Sem ter acesso ao sistema financeiro internacional, o governo argentino corre o risco de não conseguir atender às suas necessidades de financiamento externo em 2009. E a situação se deteriora. Há pouco mais de duas semanas, a agência de riscos Standard & Poor?s rebaixou a classificação dos títulos argentinos para B-, que é apenas dois degraus acima do risco iminente de calote. Alguns dias depois, foi a agência Moody?s que reduziu a nota da dívida argentina (que, para essa agência, ainda está no nível "estável"). Na semana passada, a agência Fitch informou que está avaliando o desempenho da economia argentina e não afastou a possibilidade de reduzir a nota do país. O Banco de Espanha, que é o banco central espanhol, classificou a Argentina como um país "com risco elevado ou muito elevado" nos campos comercial, econômico e de investimentos.

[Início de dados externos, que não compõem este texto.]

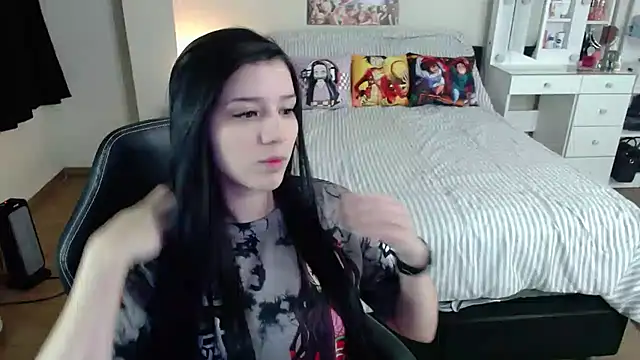 Snapshot of kittykat18x chatting on 12, 9, 2025 kittykat18x online show from 12, 9, 2025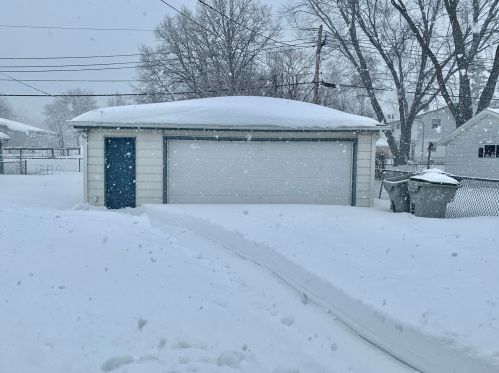 6420 49, Milwaukee WI 53208-1105 exterior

A condução da política econômica pelo governo Kirchner, duramente contestada no país e no exterior, agrava a crise. Por exemplo, o governo passou a manipular os índices de inflação, entre outros motivos, porque a remuneração de 40% dos novos títulos da dívida, de US$ 150 bilhões, está indexada. Instituições privadas estimam uma inflação real pelo menos três vezes superior à anunciada pelo governo, de 9%. 

O apoio político e financeiro do caudilho Hugo Chávez, que parecia ser a grande solução para os problemas de financiamento da Argentina, foi outro tiro que saiu pela culatra. Sempre que precisou de ajuda externa, o governo argentino recorreu a Chávez, que nunca a negou. De 2005 até agora, Chávez comprou US$ 9,2 bilhões em títulos argentinos. A última compra, porém, foi desastrosa para a já combalida credibilidade da Argentina. Chávez adquiriu US$ 1 bilhão em títulos argentinos, mas com uma taxa de remuneração recorde, de 15% ao ano. Não contente, em dois dias revendeu pelo valor de face todos os papéis, que comprara com generoso desconto.

A interpretação do mercado financeiro não poderia ser diferente do que foi. Se o governo Kirchner aceitou pagar tanto, e para um credor capaz de fazer uma jogada financeira como a que Chávez fez com os títulos argentinos, é porque está sem nenhuma outra fonte de financiamento, e pode ter dificuldades para honrar a dívida vencida. Imediatamente, a cotação dos títulos da dívida argentina despencou e os sinais da desconfiança internacional começaram a se espalhar.

Voluntariosa, Cristina Kirchner não reconhece erros nem problemas. "Não me arrependo de nada. Voltaria a fazer tudo igual", disse. Resta saber até quando e a que custo para os argentinos insistirá em manter o rumo de sua política.